Here are the records. Write out exactly the lines between the one holding "A man speaks" and the one holding "A modern office", inclusive.

» **DATA TO USE**:
:::

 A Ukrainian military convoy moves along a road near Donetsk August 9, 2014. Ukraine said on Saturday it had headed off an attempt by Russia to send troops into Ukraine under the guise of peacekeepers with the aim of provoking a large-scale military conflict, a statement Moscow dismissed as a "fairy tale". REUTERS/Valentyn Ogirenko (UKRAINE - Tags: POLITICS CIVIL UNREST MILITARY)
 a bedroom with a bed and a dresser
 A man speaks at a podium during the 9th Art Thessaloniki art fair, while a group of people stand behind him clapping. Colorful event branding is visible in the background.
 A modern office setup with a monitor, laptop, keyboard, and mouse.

:::

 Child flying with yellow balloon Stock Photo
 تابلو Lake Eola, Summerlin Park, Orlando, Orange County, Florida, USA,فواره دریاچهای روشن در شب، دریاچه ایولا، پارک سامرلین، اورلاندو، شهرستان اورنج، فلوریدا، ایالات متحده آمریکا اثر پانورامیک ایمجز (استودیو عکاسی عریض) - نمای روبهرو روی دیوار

:::

» **RESPONSE TO THIS EXERCISE**:
 A man speaks at a podium during the 9th Art Thessaloniki art fair, while a group of people stand behind him clapping. Colorful event branding is visible in the background.
 A modern office setup with a monitor, laptop, keyboard, and mouse.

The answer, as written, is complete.